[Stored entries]
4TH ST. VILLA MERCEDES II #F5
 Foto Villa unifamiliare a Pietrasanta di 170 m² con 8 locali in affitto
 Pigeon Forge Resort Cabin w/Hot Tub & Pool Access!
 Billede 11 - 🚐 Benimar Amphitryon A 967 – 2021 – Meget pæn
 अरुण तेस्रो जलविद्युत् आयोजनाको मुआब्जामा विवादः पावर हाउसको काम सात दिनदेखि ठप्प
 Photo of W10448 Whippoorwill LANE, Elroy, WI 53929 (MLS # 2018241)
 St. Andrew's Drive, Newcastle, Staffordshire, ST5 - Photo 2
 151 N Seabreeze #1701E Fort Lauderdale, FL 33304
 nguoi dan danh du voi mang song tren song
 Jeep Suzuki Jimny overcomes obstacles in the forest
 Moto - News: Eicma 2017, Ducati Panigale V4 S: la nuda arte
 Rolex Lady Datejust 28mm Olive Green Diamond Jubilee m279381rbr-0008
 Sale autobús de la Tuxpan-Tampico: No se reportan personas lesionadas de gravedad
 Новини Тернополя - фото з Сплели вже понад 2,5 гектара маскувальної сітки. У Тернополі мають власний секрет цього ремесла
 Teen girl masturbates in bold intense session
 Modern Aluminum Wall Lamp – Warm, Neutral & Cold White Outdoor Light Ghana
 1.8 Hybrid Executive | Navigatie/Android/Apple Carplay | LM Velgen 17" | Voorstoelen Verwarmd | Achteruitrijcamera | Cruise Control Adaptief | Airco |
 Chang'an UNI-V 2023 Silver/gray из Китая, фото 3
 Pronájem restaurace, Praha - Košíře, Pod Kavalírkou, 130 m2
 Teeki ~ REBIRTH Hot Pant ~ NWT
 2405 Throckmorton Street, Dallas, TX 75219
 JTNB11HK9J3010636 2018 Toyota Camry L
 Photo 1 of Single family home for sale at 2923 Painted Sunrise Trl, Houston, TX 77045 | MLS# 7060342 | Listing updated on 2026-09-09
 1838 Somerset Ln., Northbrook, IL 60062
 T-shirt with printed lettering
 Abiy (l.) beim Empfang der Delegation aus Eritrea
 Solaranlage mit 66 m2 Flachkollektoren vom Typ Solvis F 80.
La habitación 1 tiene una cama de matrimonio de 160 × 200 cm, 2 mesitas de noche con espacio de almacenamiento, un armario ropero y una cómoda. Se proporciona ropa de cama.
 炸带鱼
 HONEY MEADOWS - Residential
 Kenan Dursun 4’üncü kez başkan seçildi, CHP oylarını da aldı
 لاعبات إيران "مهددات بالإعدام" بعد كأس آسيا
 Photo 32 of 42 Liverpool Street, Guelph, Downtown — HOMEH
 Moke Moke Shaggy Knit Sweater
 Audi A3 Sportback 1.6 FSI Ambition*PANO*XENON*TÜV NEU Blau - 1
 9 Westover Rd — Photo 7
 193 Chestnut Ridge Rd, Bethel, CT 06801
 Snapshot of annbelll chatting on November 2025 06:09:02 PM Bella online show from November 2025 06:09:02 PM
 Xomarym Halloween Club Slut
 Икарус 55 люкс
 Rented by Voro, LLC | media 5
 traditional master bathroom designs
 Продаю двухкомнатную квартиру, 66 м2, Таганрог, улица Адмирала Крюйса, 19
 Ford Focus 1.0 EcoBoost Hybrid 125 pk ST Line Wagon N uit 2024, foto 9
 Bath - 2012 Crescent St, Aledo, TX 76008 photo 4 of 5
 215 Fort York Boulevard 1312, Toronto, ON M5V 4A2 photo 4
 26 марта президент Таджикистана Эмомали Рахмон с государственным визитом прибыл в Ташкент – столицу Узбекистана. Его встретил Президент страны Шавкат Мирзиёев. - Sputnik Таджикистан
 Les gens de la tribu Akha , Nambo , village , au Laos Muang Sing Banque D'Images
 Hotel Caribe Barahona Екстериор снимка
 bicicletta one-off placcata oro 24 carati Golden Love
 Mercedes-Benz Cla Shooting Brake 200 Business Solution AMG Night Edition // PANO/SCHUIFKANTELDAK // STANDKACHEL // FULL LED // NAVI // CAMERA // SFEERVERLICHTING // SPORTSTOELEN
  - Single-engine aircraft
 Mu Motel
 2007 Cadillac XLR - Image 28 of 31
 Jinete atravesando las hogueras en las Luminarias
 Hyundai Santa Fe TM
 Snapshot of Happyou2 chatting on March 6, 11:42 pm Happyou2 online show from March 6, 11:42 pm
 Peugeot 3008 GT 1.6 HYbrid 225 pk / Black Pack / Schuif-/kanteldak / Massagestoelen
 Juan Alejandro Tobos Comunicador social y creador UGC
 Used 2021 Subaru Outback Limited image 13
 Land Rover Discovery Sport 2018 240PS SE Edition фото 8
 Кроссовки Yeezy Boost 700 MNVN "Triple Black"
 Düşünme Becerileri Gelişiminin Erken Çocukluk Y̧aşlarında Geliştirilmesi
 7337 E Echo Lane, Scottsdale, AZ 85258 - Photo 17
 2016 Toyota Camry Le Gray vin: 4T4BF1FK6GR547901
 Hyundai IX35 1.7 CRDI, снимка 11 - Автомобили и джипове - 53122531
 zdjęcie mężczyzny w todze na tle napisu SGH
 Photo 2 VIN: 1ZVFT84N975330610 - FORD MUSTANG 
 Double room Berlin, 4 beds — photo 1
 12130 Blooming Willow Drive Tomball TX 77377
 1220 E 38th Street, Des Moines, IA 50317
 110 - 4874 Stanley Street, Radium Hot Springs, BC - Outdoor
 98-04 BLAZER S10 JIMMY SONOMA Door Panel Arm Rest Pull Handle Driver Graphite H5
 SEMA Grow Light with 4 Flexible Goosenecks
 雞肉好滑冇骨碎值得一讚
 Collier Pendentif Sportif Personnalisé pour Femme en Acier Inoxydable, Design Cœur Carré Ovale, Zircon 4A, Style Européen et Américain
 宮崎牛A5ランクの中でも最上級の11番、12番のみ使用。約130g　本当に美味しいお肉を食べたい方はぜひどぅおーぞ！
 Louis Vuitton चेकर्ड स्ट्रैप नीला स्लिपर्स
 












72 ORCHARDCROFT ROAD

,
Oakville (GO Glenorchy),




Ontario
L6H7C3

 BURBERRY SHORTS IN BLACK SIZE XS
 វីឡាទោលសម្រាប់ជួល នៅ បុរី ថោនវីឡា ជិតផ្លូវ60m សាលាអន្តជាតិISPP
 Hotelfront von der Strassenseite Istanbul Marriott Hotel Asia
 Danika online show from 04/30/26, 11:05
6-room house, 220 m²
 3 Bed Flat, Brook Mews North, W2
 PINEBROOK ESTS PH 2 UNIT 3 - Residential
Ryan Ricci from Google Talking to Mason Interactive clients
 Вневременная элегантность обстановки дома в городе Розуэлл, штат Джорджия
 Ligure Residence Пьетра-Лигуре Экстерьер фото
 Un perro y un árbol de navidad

** INSTRUCTIONS TO FOLLOW **
Only the lines above that hold "Outdoor" are wanted. Show every one of them.

** YOUR SOLUTION **
 Modern Aluminum Wall Lamp – Warm, Neutral & Cold White Outdoor Light Ghana
 110 - 4874 Stanley Street, Radium Hot Springs, BC - Outdoor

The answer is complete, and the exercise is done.